1.6.3 Encapsulation and Enumeration
It is possible to embed one protocol buffer specification inside
another using the embedded term. The following example
shows a vector of numbers being placed in an envelope that contains a
command enumeration.
Enumerations are a compact method of sending tokens from one system
to another. Most occupy only two bytes in the wire-stream. An
enumeration requires that you specify a callable predicate like commands/2,
below. The first argument is an atom specifying the name of token, and
the second is an non-negative integer that specifies the token's value.
These must of course, match a corresponding enumeration in the
.proto file.
Note: You must expose this predicate to the protobufs module by assigning it explicitly.
protobufs:commands(Key, Value) :-
commands(Key, Value).
commands(square, 1).
commands(decimate, 2).
commands(transform, 3).
commands(inverse_transform, 4).
basic_vector(Type, Proto) :-
vector_type(Type, Tag),
Proto = protobuf([ repeated(Tag, Type) ]).
send_command(Command, Vector, Msg) :-
basic_vector(Vector, Proto1),
Proto = protobuf([enum(1, commands(Command)),
embedded(2, Proto1)]),
protobuf_message(Proto, Msg).
Use it as follows:
?- send_command(square, double([1,22,3,4]), Msg). Msg = [8, 1, 18, 36, 17, 0, 0, 0, 0, 0, 0, 240, 63, 17, 0, 0, 0, 0, 0, 0, 54, 64, 17, 0, 0, 0, 0, 0, 0, 8, 64, 17, 0, 0, 0, 0, 0, 0, 16, 64]. ?- send_command(Cmd, V, $Msg). Cmd = square, V = double([1.0, 22.0, 3.0, 4.0]) .

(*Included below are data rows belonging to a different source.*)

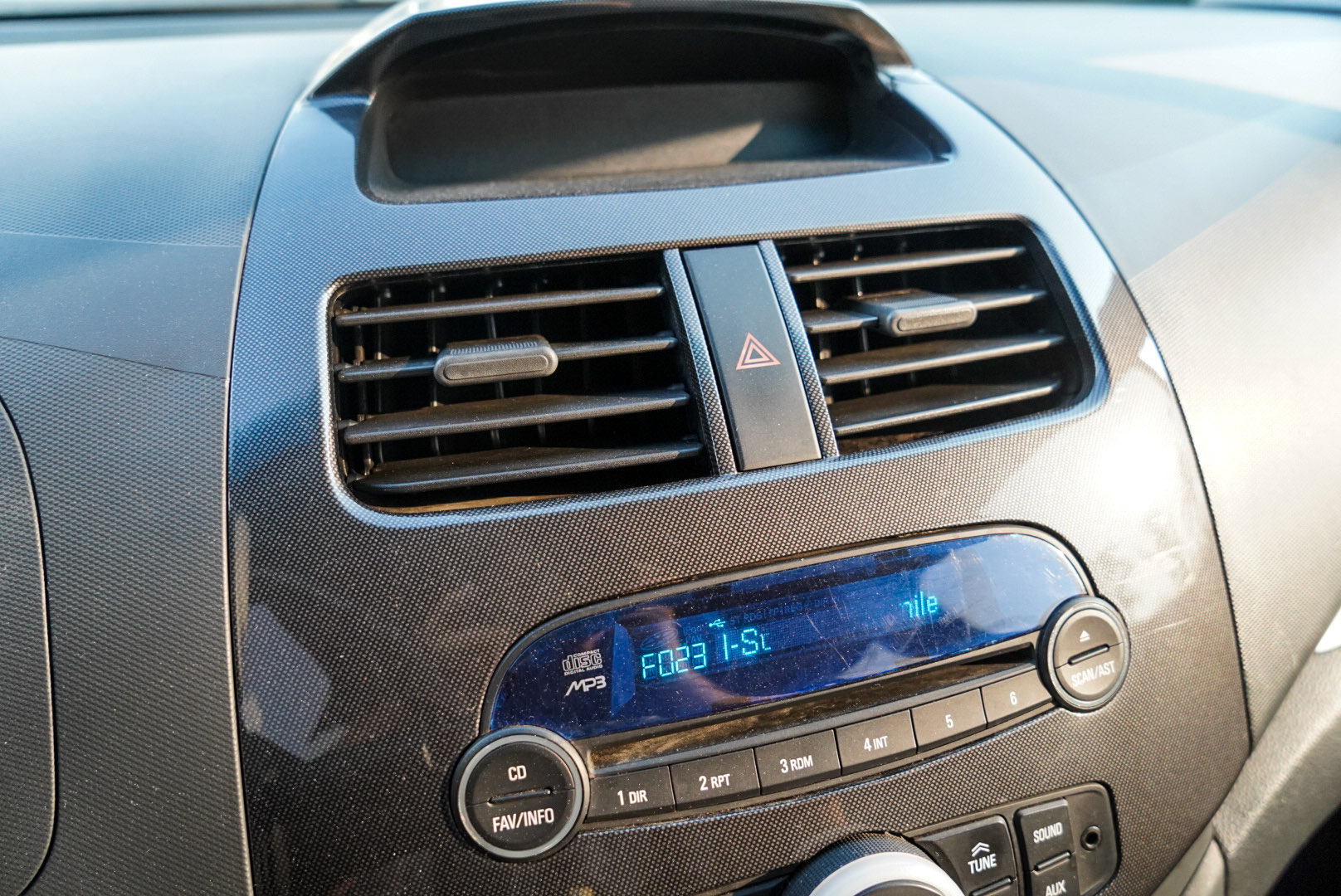 Chevrolet Spark 2011 car image #14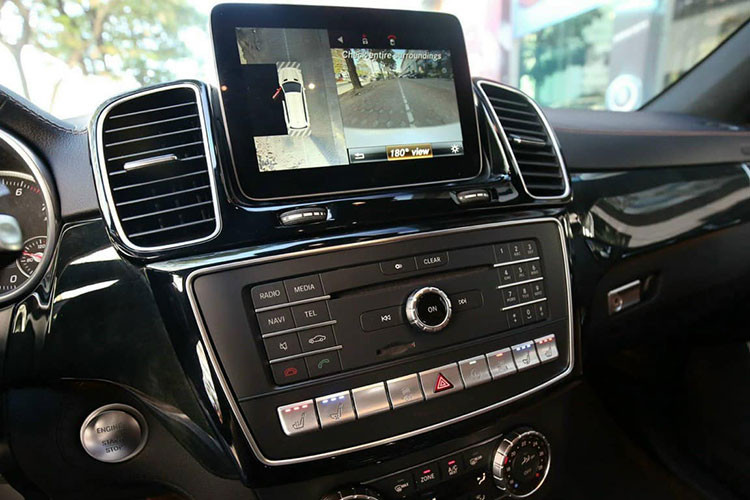 Hàng ghế thứ 2 có tùy chọn 2 chỗ ngồi hoặc 3 chỗ ngồi. Trên tựa đầu hàng ghế trước gắn hai màn hình cảm ứng phục vụ giải trí cho các hành khách ngồi sau. Hàng ghế thứ 3 đủ chỗ cho 2 người lớn, có tùy chọn tất cả hàng ghế gập điện. Cốp rộng rãi đủ chứa những kiện hành lý lớn cho những chuyến đi xa. Đặc biệt hàng ghế thứ 3 có thể gấp phẳng xuống sàn.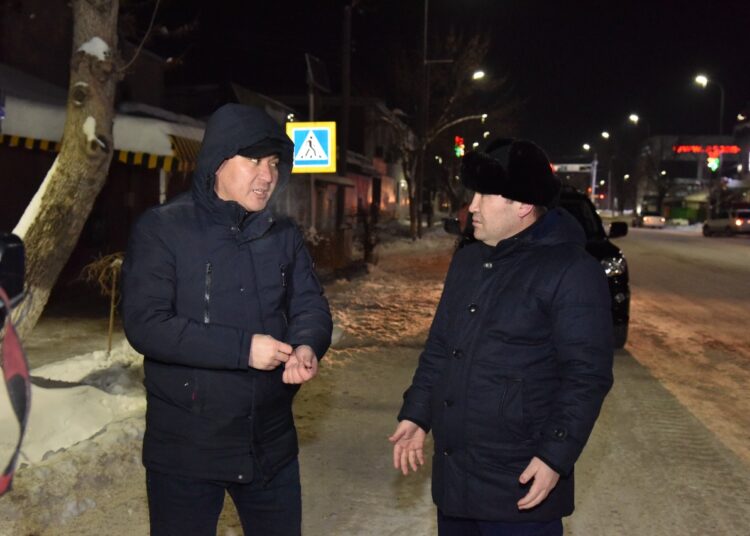 ШАҺАР БАСШЫСЫ ҚАР ТАЗАЛАУ ЖҰМЫСТАРЫН ТЕКСЕРДІ
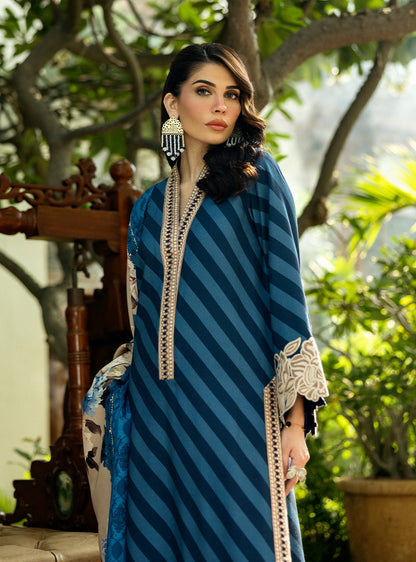 Zainab Chottani | Winter Shawls 24 | Alayna L Navy Herringbone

Compatibility Note: The protobuf grammar (protobuf-2.1.0) permits enumerations to assume negative values. This requires them to be encoded as integers. But Google's own Golden Message unit-test framework has enumerations encoded as unsigned. Consequently, parsers that encode them as integers cannot properly parse the Golden Message. So it's probably a good idea to avoid negative values in enumerations. Our parser forbids it anyway.